#### [Exercise description]
Every line between the one containing "Lollipop 18k Solid" and the last line of the data, both included, is to be set down exactly, and pictures are to be omitted.

#### [The data]
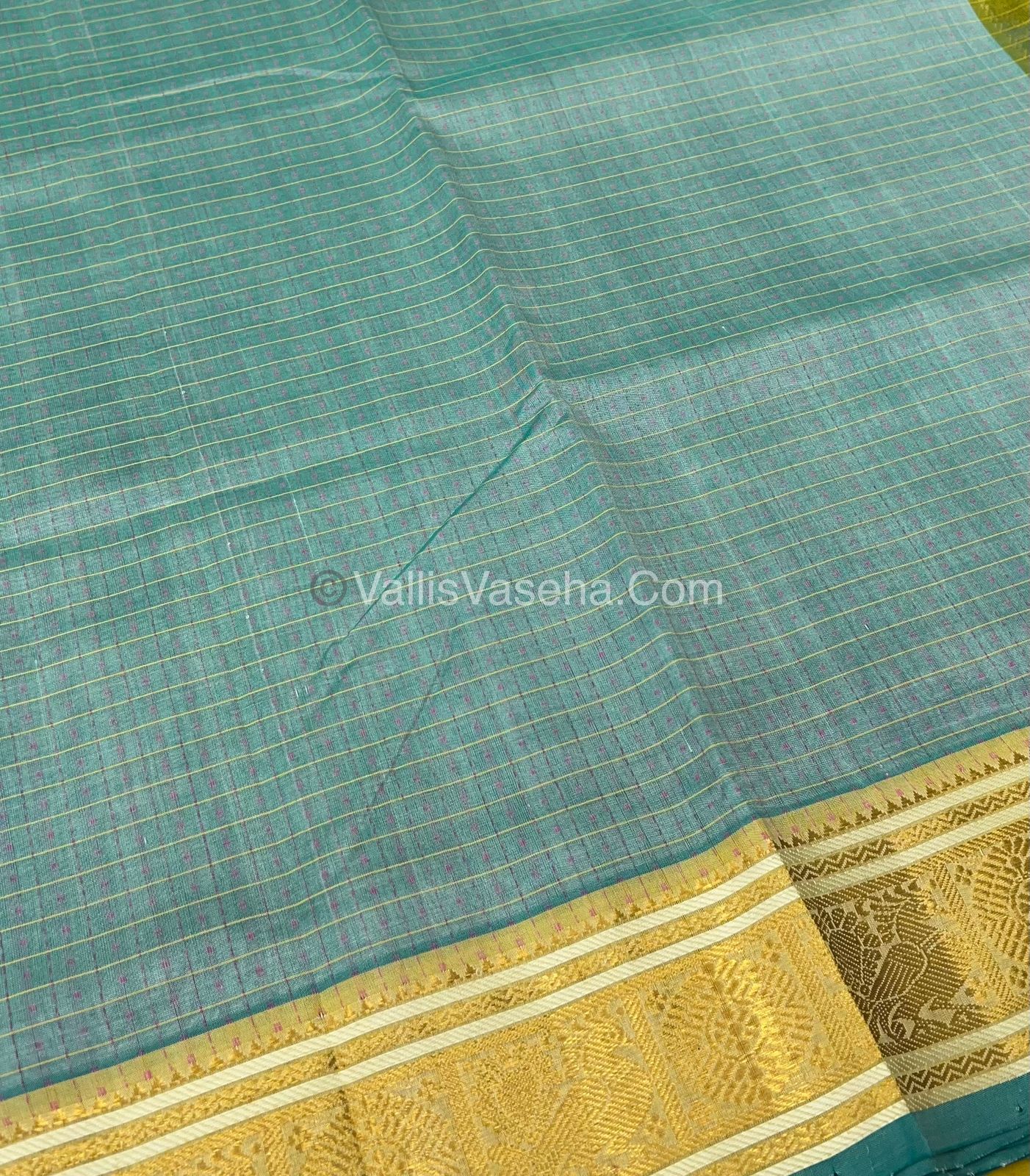 Pure Silk Cotton Saree - See Blue With Lemon Green Shade - Lakshadeepam Design - VVPLD001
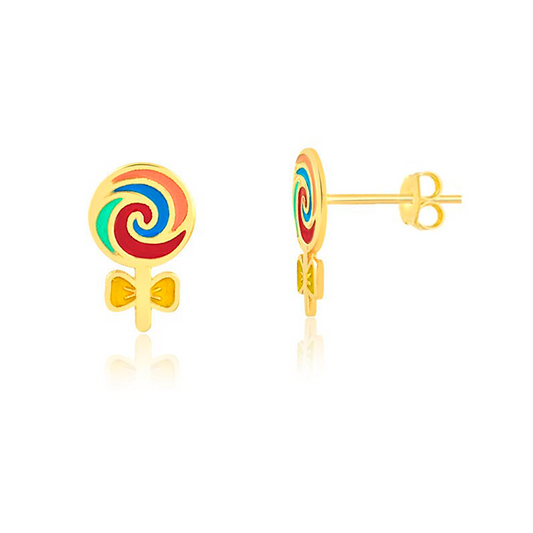 Lollipop 18k Solid Gold Enamel Push Back Stud Earrings for Toddlers Children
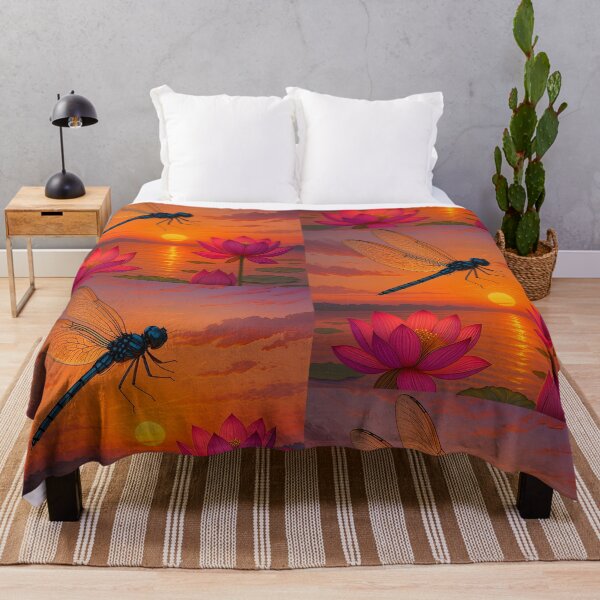Item preview, Dragonfly and Lotus Flower Art | Tranquil Floral Nature Sunset Design | Mindfulness & Zen-Inspired Gift designed and sold by MagicShop3000.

#### [Response]
 Lollipop 18k Solid Gold Enamel Push Back Stud Earrings for Toddlers Children
Item preview, Dragonfly and Lotus Flower Art | Tranquil Floral Nature Sunset Design | Mindfulness & Zen-Inspired Gift designed and sold by MagicShop3000.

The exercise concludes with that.